● **Task statement**
Restate each entry below word for word, without skipping any.
Listed entries Start Marker
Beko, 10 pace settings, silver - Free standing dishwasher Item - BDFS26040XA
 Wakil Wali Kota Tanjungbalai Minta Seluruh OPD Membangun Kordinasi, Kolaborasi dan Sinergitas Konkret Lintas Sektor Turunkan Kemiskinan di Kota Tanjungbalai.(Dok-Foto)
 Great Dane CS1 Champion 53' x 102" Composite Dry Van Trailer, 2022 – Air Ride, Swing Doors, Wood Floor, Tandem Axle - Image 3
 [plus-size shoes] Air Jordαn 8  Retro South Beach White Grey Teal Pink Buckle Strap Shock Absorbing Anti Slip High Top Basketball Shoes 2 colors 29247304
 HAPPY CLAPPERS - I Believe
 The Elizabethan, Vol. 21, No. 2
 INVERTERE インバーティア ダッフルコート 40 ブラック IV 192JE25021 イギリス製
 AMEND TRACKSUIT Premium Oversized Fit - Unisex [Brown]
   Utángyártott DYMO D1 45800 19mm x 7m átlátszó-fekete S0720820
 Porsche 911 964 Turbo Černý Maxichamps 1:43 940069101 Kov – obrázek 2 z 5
Listed entries End Marker
● **Solution to this task**
Beko, 10 pace settings, silver - Free standing dishwasher Item - BDFS26040XA
 Wakil Wali Kota Tanjungbalai Minta Seluruh OPD Membangun Kordinasi, Kolaborasi dan Sinergitas Konkret Lintas Sektor Turunkan Kemiskinan di Kota Tanjungbalai.(Dok-Foto)
 Great Dane CS1 Champion 53' x 102" Composite Dry Van Trailer, 2022 – Air Ride, Swing Doors, Wood Floor, Tandem Axle - Image 3
 [plus-size shoes] Air Jordαn 8  Retro South Beach White Grey Teal Pink Buckle Strap Shock Absorbing Anti Slip High Top Basketball Shoes 2 colors 29247304
 HAPPY CLAPPERS - I Believe
 The Elizabethan, Vol. 21, No. 2
 INVERTERE インバーティア ダッフルコート 40 ブラック IV 192JE25021 イギリス製
 AMEND TRACKSUIT Premium Oversized Fit - Unisex [Brown]
   Utángyártott DYMO D1 45800 19mm x 7m átlátszó-fekete S0720820
 Porsche 911 964 Turbo Černý Maxichamps 1:43 940069101 Kov – obrázek 2 z 5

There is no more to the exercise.